Nothing but the lines below between the line holding "Final Attack, DIO" and the line holding "第4话 初遇连士-第5话", inclusive, should appear in the answer, each set down exactly.

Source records
____

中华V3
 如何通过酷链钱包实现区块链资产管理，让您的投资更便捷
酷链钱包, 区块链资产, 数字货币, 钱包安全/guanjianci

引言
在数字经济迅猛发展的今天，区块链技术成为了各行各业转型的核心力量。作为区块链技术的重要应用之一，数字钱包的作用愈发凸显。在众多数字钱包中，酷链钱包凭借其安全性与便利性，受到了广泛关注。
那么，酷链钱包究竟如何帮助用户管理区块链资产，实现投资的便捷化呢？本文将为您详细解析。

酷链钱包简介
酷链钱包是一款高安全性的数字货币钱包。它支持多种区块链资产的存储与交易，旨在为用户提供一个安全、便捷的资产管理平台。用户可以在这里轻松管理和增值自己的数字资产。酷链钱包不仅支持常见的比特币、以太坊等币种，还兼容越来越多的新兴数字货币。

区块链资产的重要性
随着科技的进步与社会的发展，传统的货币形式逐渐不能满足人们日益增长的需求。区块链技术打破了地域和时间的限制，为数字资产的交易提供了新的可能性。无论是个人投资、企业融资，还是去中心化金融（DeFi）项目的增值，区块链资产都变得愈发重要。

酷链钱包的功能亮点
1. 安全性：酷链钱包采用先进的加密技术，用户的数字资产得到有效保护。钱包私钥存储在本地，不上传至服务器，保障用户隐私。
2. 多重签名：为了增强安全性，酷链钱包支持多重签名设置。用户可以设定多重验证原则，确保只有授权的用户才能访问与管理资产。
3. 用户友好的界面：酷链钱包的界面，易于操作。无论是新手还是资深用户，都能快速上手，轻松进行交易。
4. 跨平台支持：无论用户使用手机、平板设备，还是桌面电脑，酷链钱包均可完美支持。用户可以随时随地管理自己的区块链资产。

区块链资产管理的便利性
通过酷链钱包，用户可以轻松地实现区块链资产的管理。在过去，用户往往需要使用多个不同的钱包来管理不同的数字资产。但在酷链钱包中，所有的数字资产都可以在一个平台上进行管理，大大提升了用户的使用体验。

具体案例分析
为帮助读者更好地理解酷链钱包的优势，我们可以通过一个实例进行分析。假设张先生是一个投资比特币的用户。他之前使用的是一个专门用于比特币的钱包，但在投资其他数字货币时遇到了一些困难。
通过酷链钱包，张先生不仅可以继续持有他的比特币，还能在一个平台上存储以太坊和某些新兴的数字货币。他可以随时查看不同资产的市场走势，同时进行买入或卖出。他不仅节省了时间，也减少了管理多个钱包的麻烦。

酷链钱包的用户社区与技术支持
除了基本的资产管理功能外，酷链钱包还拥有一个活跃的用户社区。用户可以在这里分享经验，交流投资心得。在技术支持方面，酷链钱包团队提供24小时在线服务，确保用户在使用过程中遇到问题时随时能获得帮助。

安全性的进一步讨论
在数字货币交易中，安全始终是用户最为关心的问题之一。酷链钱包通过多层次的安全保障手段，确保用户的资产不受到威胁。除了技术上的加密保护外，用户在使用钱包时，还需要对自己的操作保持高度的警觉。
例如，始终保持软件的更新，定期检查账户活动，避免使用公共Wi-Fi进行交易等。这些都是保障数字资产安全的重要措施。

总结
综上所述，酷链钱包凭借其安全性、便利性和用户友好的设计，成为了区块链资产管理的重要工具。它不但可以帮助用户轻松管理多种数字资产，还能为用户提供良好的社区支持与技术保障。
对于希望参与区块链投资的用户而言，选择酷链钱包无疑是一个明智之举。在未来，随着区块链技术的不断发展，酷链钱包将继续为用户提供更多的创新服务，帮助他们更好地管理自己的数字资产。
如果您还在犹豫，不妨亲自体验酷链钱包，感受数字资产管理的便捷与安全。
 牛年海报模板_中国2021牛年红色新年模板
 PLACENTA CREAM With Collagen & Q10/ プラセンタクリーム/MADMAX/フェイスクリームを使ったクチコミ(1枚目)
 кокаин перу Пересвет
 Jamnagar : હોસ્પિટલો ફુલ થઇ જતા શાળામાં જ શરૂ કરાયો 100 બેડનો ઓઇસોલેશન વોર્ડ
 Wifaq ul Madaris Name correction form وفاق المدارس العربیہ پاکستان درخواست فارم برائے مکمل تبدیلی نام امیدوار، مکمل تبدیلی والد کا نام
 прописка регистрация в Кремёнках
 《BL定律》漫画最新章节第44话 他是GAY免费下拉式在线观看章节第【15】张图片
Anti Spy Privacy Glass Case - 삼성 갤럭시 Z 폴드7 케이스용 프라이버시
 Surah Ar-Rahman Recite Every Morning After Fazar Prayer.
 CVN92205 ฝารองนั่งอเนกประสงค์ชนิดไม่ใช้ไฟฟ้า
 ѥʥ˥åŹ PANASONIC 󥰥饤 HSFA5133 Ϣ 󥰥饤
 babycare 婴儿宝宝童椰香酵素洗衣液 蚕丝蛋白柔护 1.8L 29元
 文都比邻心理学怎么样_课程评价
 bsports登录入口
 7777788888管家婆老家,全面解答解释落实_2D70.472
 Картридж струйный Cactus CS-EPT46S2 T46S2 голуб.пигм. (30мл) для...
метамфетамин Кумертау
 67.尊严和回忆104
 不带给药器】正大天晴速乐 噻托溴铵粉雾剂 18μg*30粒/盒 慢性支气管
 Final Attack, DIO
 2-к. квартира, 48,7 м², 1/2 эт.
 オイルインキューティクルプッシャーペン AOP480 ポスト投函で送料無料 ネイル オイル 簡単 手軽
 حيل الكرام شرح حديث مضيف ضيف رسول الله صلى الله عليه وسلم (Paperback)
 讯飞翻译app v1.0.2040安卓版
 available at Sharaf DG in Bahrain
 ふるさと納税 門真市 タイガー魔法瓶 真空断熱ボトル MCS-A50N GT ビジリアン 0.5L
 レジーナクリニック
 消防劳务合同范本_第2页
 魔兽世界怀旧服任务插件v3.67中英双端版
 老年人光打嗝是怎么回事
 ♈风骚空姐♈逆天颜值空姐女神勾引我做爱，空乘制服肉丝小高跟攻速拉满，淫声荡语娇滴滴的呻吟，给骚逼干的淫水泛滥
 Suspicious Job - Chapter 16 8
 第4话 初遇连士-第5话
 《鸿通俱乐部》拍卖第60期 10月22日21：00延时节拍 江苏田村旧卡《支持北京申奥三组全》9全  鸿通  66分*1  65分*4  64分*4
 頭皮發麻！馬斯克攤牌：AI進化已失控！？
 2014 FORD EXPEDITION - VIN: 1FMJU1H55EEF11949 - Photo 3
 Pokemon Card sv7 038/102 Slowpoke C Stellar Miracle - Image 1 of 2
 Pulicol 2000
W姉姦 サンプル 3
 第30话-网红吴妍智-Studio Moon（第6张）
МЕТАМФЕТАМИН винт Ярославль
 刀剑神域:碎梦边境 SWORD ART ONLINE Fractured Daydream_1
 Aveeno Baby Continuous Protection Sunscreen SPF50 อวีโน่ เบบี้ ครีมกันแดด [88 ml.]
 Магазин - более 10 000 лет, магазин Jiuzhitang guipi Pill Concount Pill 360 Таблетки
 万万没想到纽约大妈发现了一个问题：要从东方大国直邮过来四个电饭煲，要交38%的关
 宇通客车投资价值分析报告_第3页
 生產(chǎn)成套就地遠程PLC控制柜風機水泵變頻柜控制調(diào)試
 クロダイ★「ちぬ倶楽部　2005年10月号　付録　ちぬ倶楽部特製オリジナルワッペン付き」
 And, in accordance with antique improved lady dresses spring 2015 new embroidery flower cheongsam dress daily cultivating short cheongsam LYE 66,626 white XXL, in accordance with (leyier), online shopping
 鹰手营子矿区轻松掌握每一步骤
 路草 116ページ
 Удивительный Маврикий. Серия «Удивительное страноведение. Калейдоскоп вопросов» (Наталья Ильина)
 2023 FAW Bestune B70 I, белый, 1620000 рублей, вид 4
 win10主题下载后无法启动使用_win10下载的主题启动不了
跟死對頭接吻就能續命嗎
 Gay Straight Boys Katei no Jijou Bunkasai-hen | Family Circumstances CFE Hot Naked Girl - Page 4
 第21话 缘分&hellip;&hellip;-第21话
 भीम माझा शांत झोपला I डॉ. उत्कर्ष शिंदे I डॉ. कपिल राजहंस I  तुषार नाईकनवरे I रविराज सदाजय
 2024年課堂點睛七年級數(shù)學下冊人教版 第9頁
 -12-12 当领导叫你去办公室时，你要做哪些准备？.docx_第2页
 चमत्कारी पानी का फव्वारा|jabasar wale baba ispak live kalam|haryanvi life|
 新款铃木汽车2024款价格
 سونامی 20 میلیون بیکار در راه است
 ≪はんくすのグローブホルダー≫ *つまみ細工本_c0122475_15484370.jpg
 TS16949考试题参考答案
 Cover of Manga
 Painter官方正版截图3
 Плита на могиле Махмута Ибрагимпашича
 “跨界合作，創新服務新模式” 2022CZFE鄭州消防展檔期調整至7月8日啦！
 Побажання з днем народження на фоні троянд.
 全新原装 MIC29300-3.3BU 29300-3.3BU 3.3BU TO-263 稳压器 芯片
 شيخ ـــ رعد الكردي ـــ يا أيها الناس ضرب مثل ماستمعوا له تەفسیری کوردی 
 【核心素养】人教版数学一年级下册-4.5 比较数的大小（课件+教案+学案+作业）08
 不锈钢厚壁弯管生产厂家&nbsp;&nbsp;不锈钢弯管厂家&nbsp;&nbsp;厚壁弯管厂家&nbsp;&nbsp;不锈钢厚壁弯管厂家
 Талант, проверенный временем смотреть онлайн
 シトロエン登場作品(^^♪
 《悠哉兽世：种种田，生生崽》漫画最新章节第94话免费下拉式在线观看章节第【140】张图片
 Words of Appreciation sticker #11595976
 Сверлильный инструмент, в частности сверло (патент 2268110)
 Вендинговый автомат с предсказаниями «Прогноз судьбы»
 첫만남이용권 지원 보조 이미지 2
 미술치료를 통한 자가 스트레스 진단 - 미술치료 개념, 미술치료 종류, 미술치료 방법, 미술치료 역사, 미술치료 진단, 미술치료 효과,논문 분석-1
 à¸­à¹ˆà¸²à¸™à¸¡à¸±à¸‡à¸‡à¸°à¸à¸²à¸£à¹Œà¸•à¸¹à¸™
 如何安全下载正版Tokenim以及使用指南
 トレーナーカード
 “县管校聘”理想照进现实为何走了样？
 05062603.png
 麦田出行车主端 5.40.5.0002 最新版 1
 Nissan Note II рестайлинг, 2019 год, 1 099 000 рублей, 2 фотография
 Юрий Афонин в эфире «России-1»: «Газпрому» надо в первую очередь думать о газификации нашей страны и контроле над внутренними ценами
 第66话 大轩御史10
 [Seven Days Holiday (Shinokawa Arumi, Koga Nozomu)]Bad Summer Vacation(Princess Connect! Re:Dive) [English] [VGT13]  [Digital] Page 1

____

• _WRITTEN ANSWER_
 Final Attack, DIO
 2-к. квартира, 48,7 м², 1/2 эт.
 オイルインキューティクルプッシャーペン AOP480 ポスト投函で送料無料 ネイル オイル 簡単 手軽
 حيل الكرام شرح حديث مضيف ضيف رسول الله صلى الله عليه وسلم (Paperback)
 讯飞翻译app v1.0.2040安卓版
 available at Sharaf DG in Bahrain
 ふるさと納税 門真市 タイガー魔法瓶 真空断熱ボトル MCS-A50N GT ビジリアン 0.5L
 レジーナクリニック
 消防劳务合同范本_第2页
 魔兽世界怀旧服任务插件v3.67中英双端版
 老年人光打嗝是怎么回事
 ♈风骚空姐♈逆天颜值空姐女神勾引我做爱，空乘制服肉丝小高跟攻速拉满，淫声荡语娇滴滴的呻吟，给骚逼干的淫水泛滥
 Suspicious Job - Chapter 16 8
 第4话 初遇连士-第5话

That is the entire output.